James Larus ist seit 2013 Dekan der Fakultät Informatik und Kommunikation der Ecole polytechnique fédérale de Lausanne. Im Interview erklärt er, wie sich die EPFL im herausfordernden Umfeld positionieren will.

James Larus, ist Dekan der Fakultät Informatik und Kommunikation an der Ecole polytechnique fédérale de Lausanne (EPFL). (Quelle: EPFL)
James Larus, ist Dekan der Fakultät Informatik und Kommunikation an der Ecole polytechnique fédérale de Lausanne (EPFL). (Quelle: EPFL)

Wie geht es der Fakultät Informatik und Kommunikation der EPFL heute?

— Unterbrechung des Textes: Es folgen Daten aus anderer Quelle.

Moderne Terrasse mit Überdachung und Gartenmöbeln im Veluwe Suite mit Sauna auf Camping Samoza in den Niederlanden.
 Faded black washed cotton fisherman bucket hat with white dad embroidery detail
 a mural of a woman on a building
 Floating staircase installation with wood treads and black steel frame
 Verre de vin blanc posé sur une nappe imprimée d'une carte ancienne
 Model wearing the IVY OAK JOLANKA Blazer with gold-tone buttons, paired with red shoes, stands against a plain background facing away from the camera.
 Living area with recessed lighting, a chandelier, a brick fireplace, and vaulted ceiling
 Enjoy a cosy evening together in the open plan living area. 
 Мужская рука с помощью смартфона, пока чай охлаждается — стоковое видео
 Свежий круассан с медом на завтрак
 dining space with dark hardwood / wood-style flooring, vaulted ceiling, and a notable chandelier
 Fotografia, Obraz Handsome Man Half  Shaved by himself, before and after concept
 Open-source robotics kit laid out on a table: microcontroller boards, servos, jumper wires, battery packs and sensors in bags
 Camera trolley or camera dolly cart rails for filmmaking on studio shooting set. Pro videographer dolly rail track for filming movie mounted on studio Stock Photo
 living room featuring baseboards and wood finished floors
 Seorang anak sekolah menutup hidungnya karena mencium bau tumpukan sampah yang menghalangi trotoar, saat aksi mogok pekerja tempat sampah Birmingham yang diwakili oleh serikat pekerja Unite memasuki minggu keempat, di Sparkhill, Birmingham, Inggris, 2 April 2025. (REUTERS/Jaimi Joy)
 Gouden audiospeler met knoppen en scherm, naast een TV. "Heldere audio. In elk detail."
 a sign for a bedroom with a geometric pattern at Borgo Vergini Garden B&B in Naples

James Larus: Wir sind in einer beneidenswerten Situation. Forschung und Entwicklung werden in der Schweiz super unterstützt, sowohl mit lokalen als auch mit europäischen Geldern. Unser Lehrkörper ist ausgezeichnet, und auch die Universität geniesst einen hervorragenden Ruf. Ich kann mich glücklich schätzen, in der Lage zu sein, sogar neue Professoren einstellen zu können. Die Studentenzahlen nehmen ja ständig zu. Auch unser Studienangebot müssen wir entsprechend erweitern.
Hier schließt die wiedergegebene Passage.